=== WHAT NEEDS TO BE DONE ===
Please write out exactly the lines from the one with "Hotel Tsikhierva Gagra Exterior foto" through the end of the data below, both ends included, and omit any pictures.

=== DATASET SECTION ===

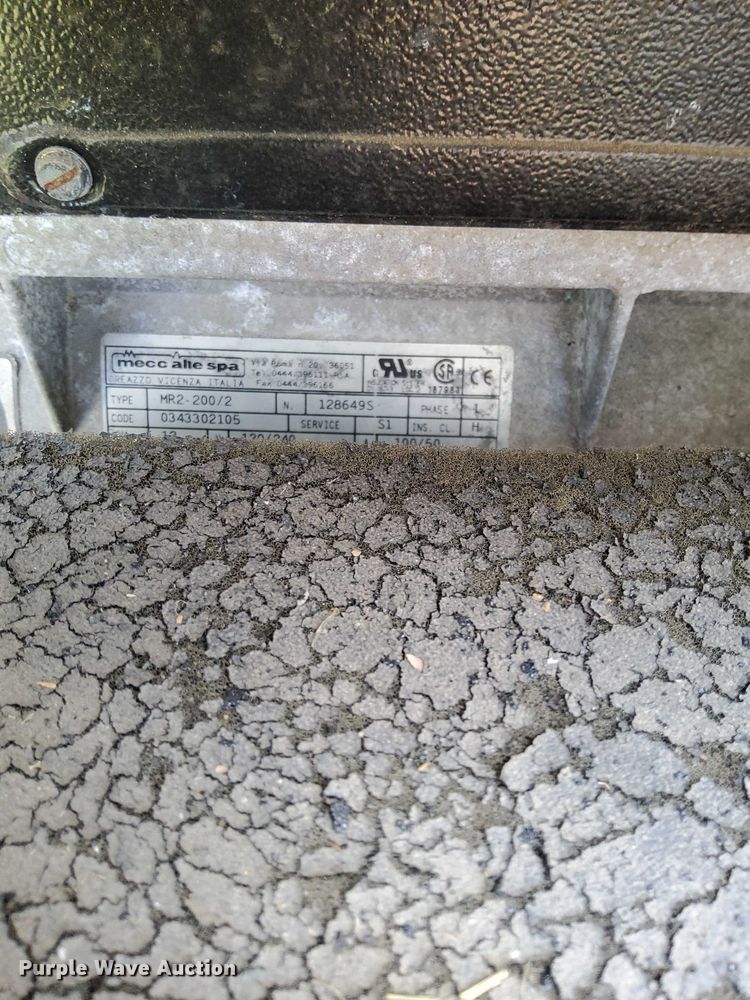 image for item EB8140 Magnum MG12Q generator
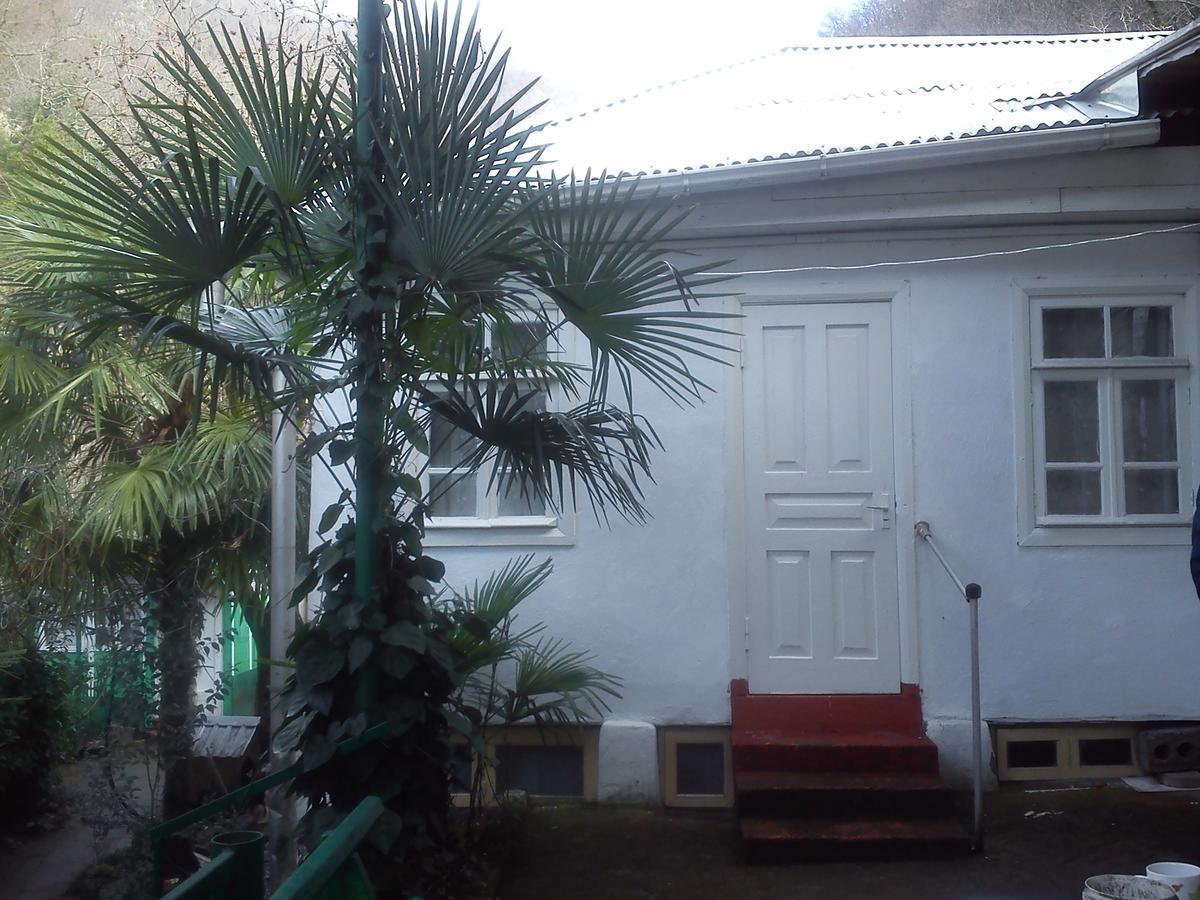 Hotel Tsikhierva Gagra Exterior foto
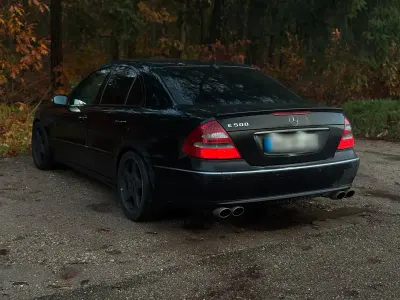Gebraucht Mercedes E500 306 PS (225 kW) 2004 Schwarz Limousine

=== TASK RESULT ===
 Hotel Tsikhierva Gagra Exterior foto
Gebraucht Mercedes E500 306 PS (225 kW) 2004 Schwarz Limousine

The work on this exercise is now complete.